And my God will supply every need of yours according to his riches in glory in Christ Jesus. - Philippians 4:19
When does material blessing become a warning?
Sep 11, 2025
Janet Denison
God meets our needs. Paul wrote, “My God will supply every need of yours according to his riches in glory in Christ Jesus” (Philippians 4:19). The problem is, we tend to want more from God than what we need. We want a full pantry, full bank account, full days of leisure, and full tanks of gas. Our definition of a blessing is often viewed through the needs and wants of a child of the world, not as a child of God.
In fact, the more God’s children are exposed to this world, the more we seem to want from God, not because our needs have changed but because the world has changed our priorities. We see what others have and what stores are selling, and we begin to think we need more than we used to need.

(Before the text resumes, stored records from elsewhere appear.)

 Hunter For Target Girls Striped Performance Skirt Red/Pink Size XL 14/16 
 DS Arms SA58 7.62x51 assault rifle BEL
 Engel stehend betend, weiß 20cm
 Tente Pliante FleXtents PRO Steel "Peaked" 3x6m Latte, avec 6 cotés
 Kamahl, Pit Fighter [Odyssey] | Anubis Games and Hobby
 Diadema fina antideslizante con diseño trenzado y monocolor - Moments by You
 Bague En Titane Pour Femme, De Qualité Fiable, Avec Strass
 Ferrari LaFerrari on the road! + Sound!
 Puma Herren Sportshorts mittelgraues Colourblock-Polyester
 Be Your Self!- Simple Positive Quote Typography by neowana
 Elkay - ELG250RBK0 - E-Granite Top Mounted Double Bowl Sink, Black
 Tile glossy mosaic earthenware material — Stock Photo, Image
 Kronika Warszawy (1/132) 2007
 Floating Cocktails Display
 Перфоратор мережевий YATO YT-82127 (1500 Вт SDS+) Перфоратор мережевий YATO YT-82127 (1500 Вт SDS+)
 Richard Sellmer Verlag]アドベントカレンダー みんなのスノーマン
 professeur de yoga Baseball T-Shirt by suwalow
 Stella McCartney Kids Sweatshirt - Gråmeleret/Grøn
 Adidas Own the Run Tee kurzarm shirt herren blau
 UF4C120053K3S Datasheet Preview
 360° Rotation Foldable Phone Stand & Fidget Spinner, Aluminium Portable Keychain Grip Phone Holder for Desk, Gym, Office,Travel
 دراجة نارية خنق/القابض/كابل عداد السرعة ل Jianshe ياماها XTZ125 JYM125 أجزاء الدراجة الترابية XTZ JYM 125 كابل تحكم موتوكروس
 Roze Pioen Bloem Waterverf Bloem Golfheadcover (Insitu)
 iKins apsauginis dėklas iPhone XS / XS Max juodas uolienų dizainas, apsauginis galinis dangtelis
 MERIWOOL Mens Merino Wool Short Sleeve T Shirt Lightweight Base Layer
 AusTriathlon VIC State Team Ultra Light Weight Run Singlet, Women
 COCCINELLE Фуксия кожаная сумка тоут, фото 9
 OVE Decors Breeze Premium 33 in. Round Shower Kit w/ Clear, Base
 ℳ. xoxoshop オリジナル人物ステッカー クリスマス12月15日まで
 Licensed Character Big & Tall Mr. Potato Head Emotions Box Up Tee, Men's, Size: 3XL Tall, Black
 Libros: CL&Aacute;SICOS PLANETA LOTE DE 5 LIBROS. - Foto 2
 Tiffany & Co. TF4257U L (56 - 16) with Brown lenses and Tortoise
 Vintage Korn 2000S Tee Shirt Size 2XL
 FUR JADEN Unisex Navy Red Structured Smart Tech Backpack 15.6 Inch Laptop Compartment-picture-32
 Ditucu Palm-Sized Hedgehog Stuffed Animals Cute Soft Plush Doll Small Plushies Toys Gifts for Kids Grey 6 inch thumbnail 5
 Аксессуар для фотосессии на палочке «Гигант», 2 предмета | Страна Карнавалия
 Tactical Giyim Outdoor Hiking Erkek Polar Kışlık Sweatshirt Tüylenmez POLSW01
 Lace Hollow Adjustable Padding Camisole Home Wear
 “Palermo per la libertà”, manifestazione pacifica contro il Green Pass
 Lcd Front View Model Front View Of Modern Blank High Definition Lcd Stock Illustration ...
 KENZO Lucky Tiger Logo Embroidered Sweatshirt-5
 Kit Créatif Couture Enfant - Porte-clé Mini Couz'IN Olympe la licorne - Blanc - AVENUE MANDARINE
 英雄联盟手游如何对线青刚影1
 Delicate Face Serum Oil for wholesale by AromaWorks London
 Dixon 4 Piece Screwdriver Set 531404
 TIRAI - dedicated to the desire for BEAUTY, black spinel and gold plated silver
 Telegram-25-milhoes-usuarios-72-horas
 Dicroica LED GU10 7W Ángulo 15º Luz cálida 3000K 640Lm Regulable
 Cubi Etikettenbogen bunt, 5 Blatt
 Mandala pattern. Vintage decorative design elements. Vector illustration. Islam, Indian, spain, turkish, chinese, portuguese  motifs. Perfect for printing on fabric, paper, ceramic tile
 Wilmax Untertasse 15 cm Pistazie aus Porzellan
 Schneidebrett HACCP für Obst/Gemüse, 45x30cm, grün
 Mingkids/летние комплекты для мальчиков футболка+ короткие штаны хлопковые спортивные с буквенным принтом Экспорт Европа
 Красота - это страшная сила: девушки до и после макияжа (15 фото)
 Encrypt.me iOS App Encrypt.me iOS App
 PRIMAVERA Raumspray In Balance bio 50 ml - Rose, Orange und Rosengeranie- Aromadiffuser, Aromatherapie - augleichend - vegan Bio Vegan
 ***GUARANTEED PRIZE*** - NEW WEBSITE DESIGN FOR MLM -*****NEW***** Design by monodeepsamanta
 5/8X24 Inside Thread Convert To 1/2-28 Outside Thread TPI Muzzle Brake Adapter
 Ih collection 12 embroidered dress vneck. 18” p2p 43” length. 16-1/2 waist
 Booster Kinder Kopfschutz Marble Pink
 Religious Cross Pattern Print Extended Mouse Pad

Material blessing becomes a warning when we begin to desire more than we have been blessed with. The simple solution is to find contentment with what we have and count those blessings as abundance.
I used to think our European friends had fewer material things than Americans because of their economy. Jim and I realized that many Europeans and other friends from around the world don’t have the same things Americans have because they have learned they don’t need them. Instead, they fill their time with good food and long conversations. Their economies are funded by fewer hours of work and more hours of leisure. Vacations last longer because there is a higher value on family than finances.
Some of those European values are creeping into our American culture. That’s likely a good thing.
I sometimes wonder how God is going to correct our way of thinking. God disciplines behaviors that keep people from understanding his truth. Paul told the Philippians, “My God will supply every need of yours according to his riches in glory in Christ Jesus.”
Has God met your needs? Has God given you more than you would ever have asked or expected from him? If that’s the case, praise him from whom all blessings flow! We won’t ever have all we want, but that’s because we will always want more than God wants us to have.
Paul taught that we have found favor with God if our “needs” are met. I remember when, as a young married couple, we rejoiced to open our small U-Haul and unload everything we owned into our little duplex. It took about one hour for four of us to get all of it off the truck and inside the house. We opened those boxes and had everything we needed to live. Four-plus decades later, we have so much more. We praise God, not for the stuff we have accumulated, but for all the years that “stuff” represents.
Living with wisdom is a path to God’s blessings. Wisdom sheds the light of God’s perspective on everything in this world. Do your blessings meet your needs? If so, you have been abundantly blessed. Wisdom is knowing you have lived on God’s path of blessing. Joy and contentment are the blessings of knowing you have everything you need according to his riches in Christ Jesus.